-------- Supplied records --------

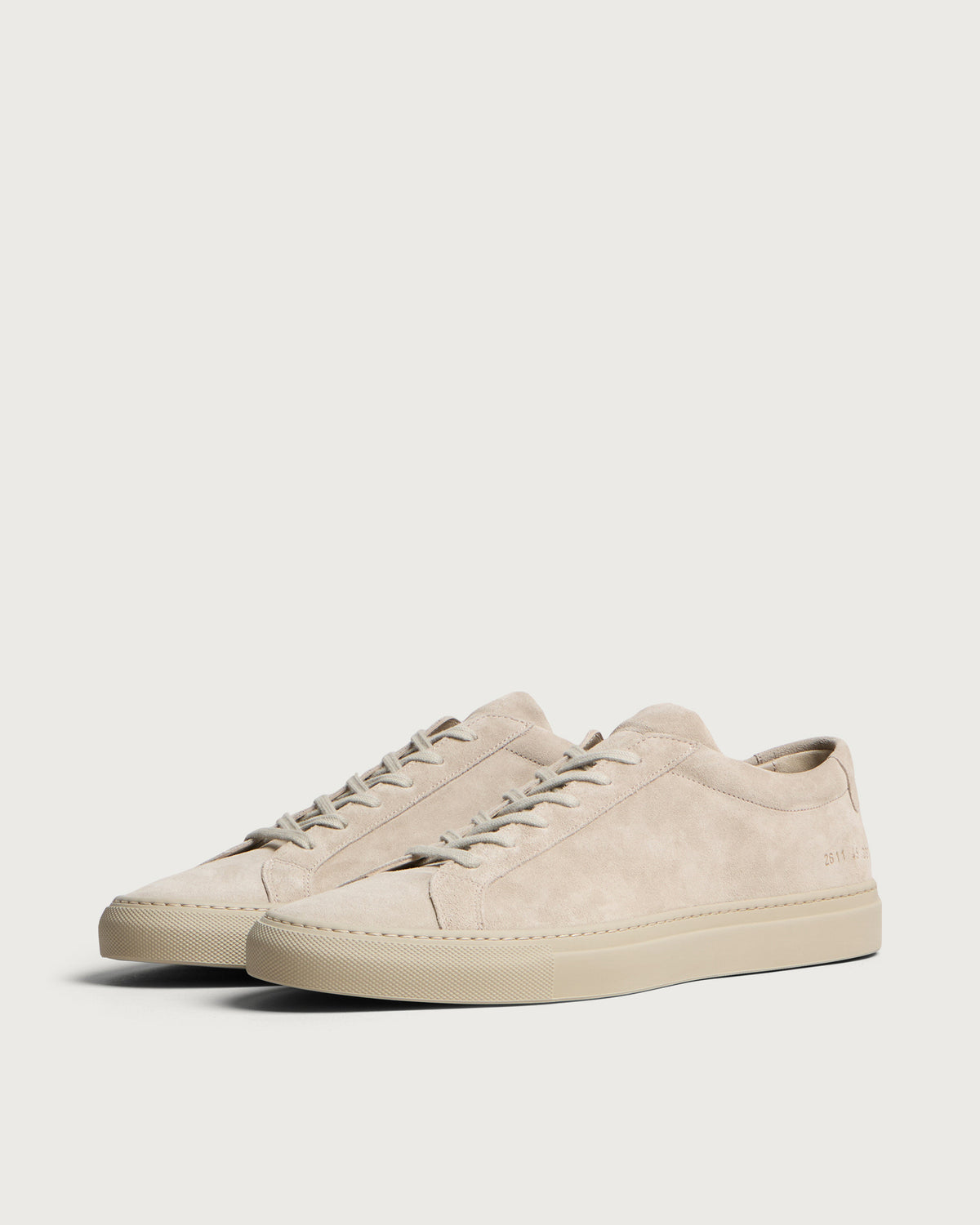 Common Projects Achilles Suede Sneaker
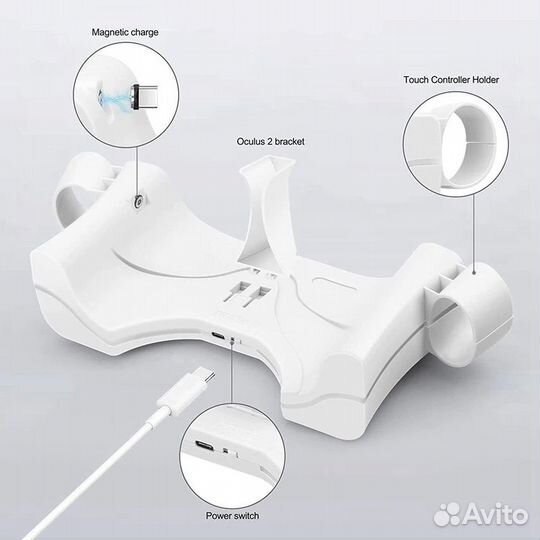 Зарядная станция для Oculus Quest 2 New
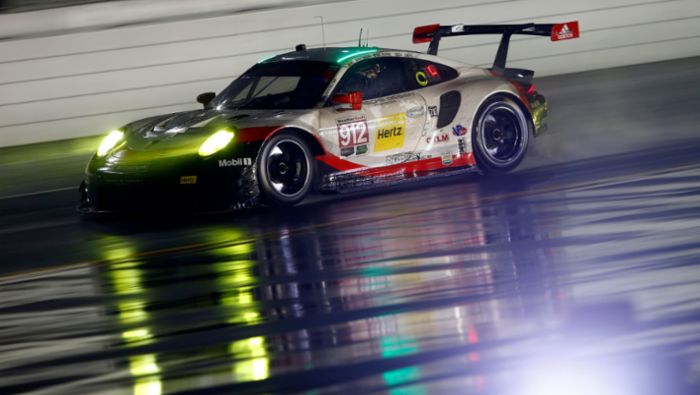 911 RSR well placed for the final phase - Porsche Newsroom
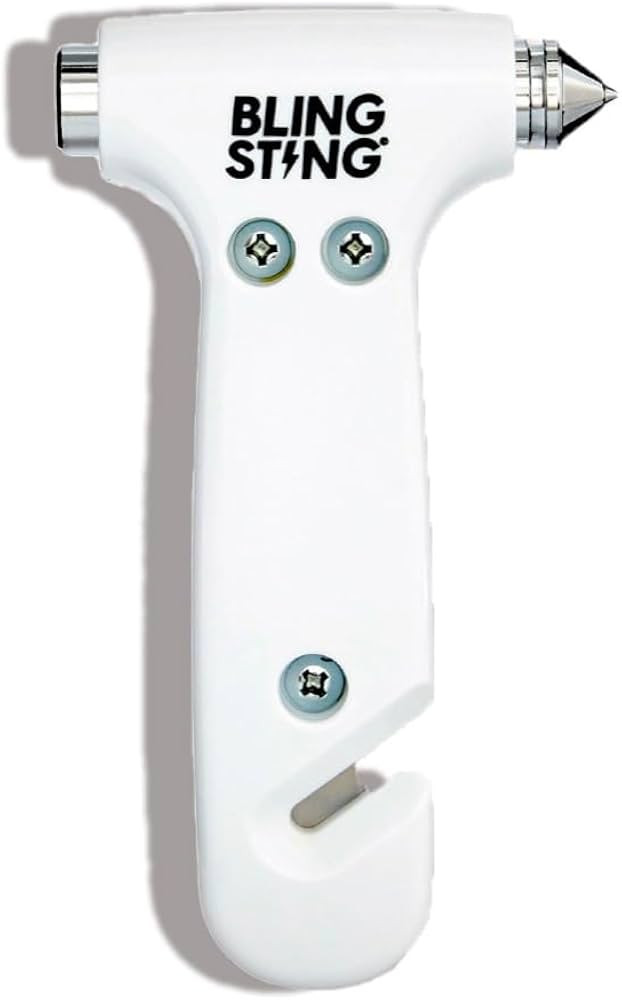 BLINGSTING Safety Hammer - Emergency Automotive Escape Tool with Window Breaker, Seat Belt Cutter... | Amazon (US)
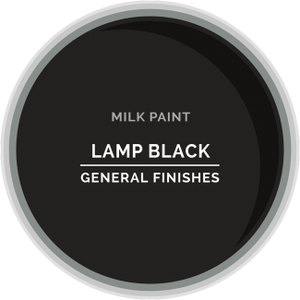 P Lamp Black Quart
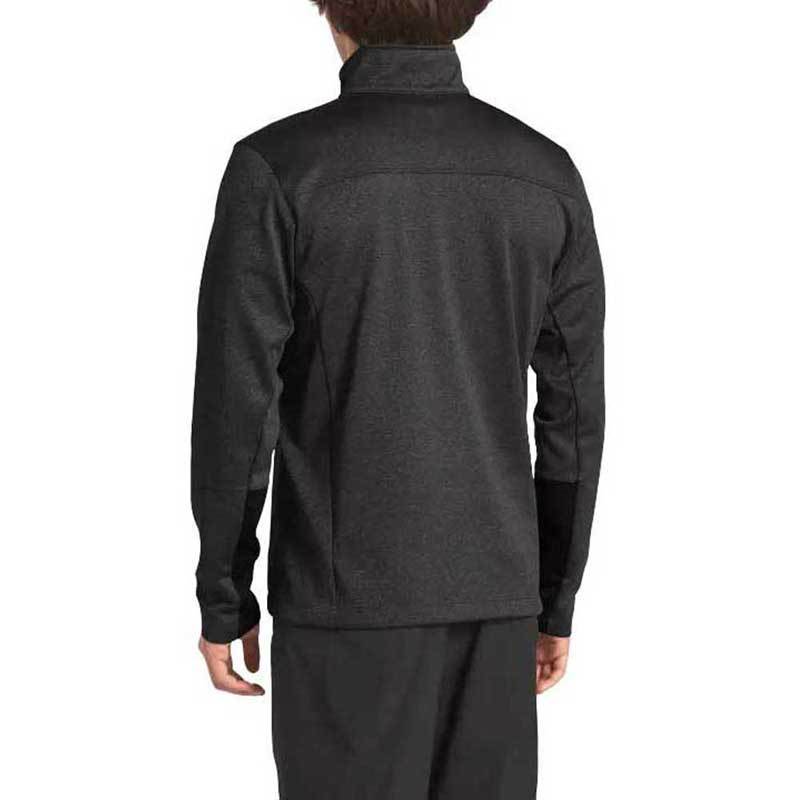 The North Face Men's Dark Grey Heather Canyonlands Full Zip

--------

Task directions:
Output every record above exactly, leaving out the pictures.

Result for this task:
 Common Projects Achilles Suede Sneaker
 Зарядная станция для Oculus Quest 2 New
 911 RSR well placed for the final phase - Porsche Newsroom
 BLINGSTING Safety Hammer - Emergency Automotive Escape Tool with Window Breaker, Seat Belt Cutter... | Amazon (US)
 P Lamp Black Quart
 The North Face Men's Dark Grey Heather Canyonlands Full Zip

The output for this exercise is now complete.